Am 30. Januar übernimmt Kainkollektiv mit anderen Gruppen die Leitung vom Theater Aufbau Kreuzberg (tak) in Berlin. Es gibt eine weitere Verbindung zu Mülheim: Den Verlag und das Aufbau-Haus hat das Mülheimer Ehepaar Koch, Schwiegereltern von Moritz Pankok (Großneffe von Otto Pankok) vor Jahren übernommen.

Ja. Das Theater wagt ein Experiment, was eine kollektiv kollegiale Leitung kann. Wir entwickeln zusammen mit verschiedenen Experten ein neues Leitungsmodell, wo es darum geht, Entscheidungskompetenzen zu schaffen, die auf Personen verteilt sind. Ich glaube, das ist gerade sehr interessant für die Kulturszene, was da passiert.
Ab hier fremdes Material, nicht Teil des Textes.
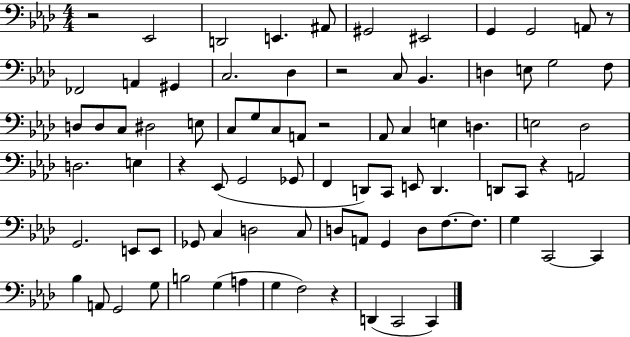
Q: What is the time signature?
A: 4/4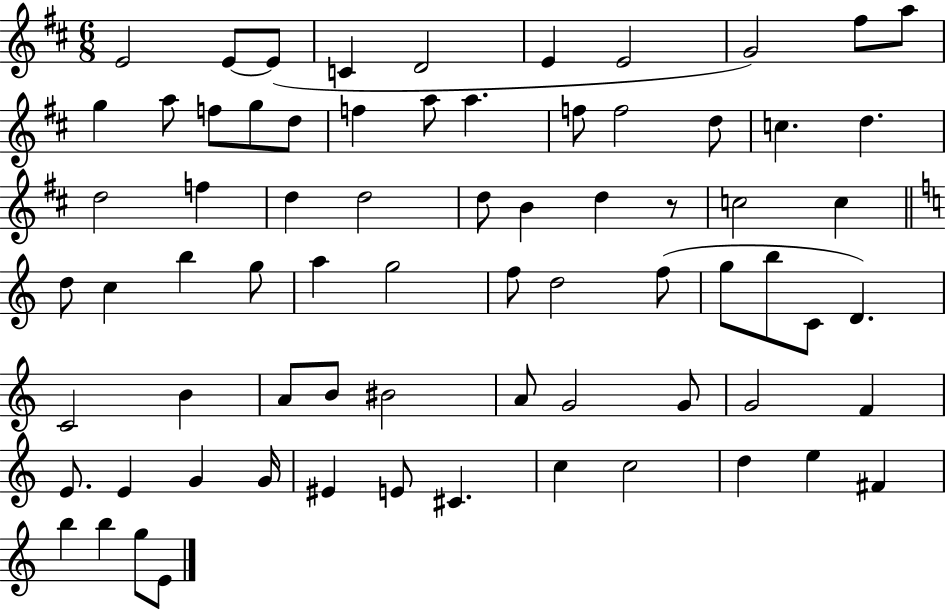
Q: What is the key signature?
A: D major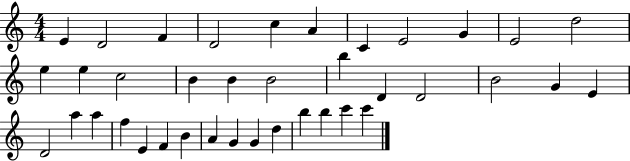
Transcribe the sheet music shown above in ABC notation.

X:1
T:Untitled
M:4/4
L:1/4
K:C
E D2 F D2 c A C E2 G E2 d2 e e c2 B B B2 b D D2 B2 G E D2 a a f E F B A G G d b b c' c'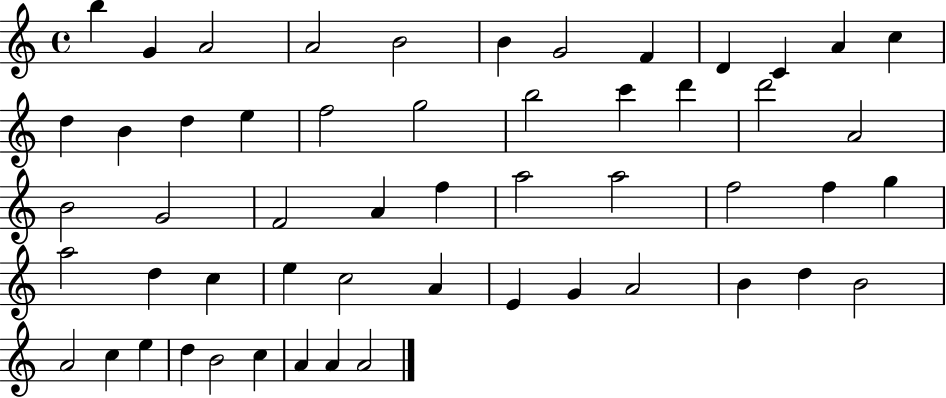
{
  \clef treble
  \time 4/4
  \defaultTimeSignature
  \key c \major
  b''4 g'4 a'2 | a'2 b'2 | b'4 g'2 f'4 | d'4 c'4 a'4 c''4 | \break d''4 b'4 d''4 e''4 | f''2 g''2 | b''2 c'''4 d'''4 | d'''2 a'2 | \break b'2 g'2 | f'2 a'4 f''4 | a''2 a''2 | f''2 f''4 g''4 | \break a''2 d''4 c''4 | e''4 c''2 a'4 | e'4 g'4 a'2 | b'4 d''4 b'2 | \break a'2 c''4 e''4 | d''4 b'2 c''4 | a'4 a'4 a'2 | \bar "|."
}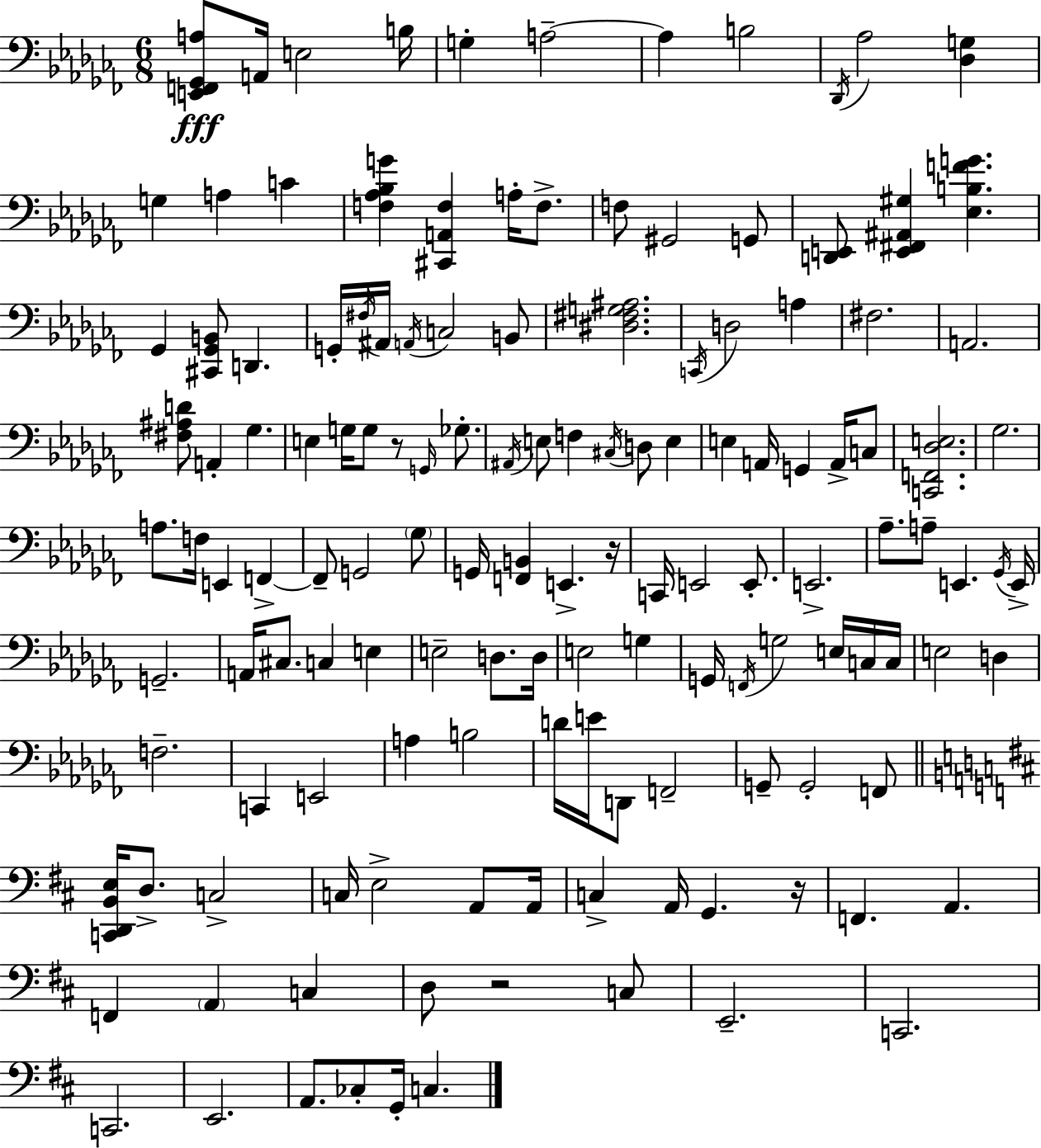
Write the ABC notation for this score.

X:1
T:Untitled
M:6/8
L:1/4
K:Abm
[E,,F,,_G,,A,]/2 A,,/4 E,2 B,/4 G, A,2 A, B,2 _D,,/4 _A,2 [_D,G,] G, A, C [F,_A,_B,G] [^C,,A,,F,] A,/4 F,/2 F,/2 ^G,,2 G,,/2 [D,,E,,]/2 [E,,^F,,^A,,^G,] [_E,B,FG] _G,, [^C,,_G,,B,,]/2 D,, G,,/4 ^F,/4 ^A,,/4 A,,/4 C,2 B,,/2 [^D,^F,G,^A,]2 C,,/4 D,2 A, ^F,2 A,,2 [^F,^A,D]/2 A,, _G, E, G,/4 G,/2 z/2 G,,/4 _G,/2 ^A,,/4 E,/2 F, ^C,/4 D,/2 E, E, A,,/4 G,, A,,/4 C,/2 [C,,F,,_D,E,]2 _G,2 A,/2 F,/4 E,, F,, F,,/2 G,,2 _G,/2 G,,/4 [F,,B,,] E,, z/4 C,,/4 E,,2 E,,/2 E,,2 _A,/2 A,/2 E,, _G,,/4 E,,/4 G,,2 A,,/4 ^C,/2 C, E, E,2 D,/2 D,/4 E,2 G, G,,/4 F,,/4 G,2 E,/4 C,/4 C,/4 E,2 D, F,2 C,, E,,2 A, B,2 D/4 E/4 D,,/2 F,,2 G,,/2 G,,2 F,,/2 [C,,D,,B,,E,]/4 D,/2 C,2 C,/4 E,2 A,,/2 A,,/4 C, A,,/4 G,, z/4 F,, A,, F,, A,, C, D,/2 z2 C,/2 E,,2 C,,2 C,,2 E,,2 A,,/2 _C,/2 G,,/4 C,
Haben Sie dann überhaupt noch genügend Zeit für die Projekte im Ruhrgebiet?

Ja, wir bleiben hier, denn das ist unsere Basis. Es ist genau das Gegenteil. Wir werden nie nach Berlin gehen. Unser Ziel ist ein anderes: Wir wollen in Berlin ein Schaufenster nach NRW schaffen und diese Achse größer machen. Wir wollen sagen: Das, was in Nordrhein-Westfalen passiert, ist auch relevant für Berlin. Und nicht immer umgekehrt. Uns geht es darum, NRW stärker zu machen.
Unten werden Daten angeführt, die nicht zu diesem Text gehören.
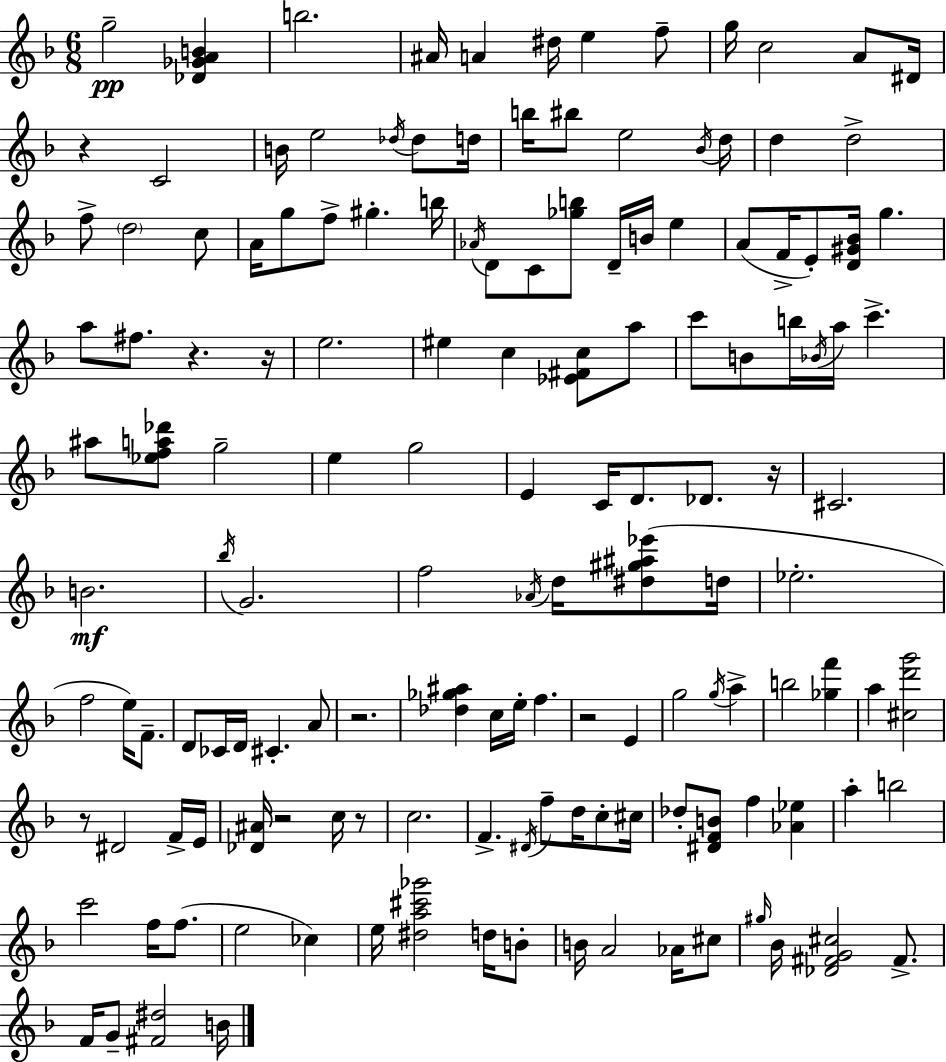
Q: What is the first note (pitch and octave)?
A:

Premiere „Interesting Times“

Die Performance „Interesting Times“ hat am Freitag und Samstag, 26. und 27. Januar, jeweils 20 Uhr, Premiere im Ringlokschuppen. Eintritt: Vvk 12 Euro/ erm. 6 Euro, Ak 15 Euro/erm. 8 Euro, 99 31 60, www.ringlokschuppen.ruhr

Die musikalische Theaterperformance beschäftigt sich mit dem Thema Unruhe, die der Menschheit bevorsteht. Dabei schlägt Kainkollektiv mit der Inszenierung vor, sich auf den Kampf in und gegen die interessanten Zeiten vorzubereiten.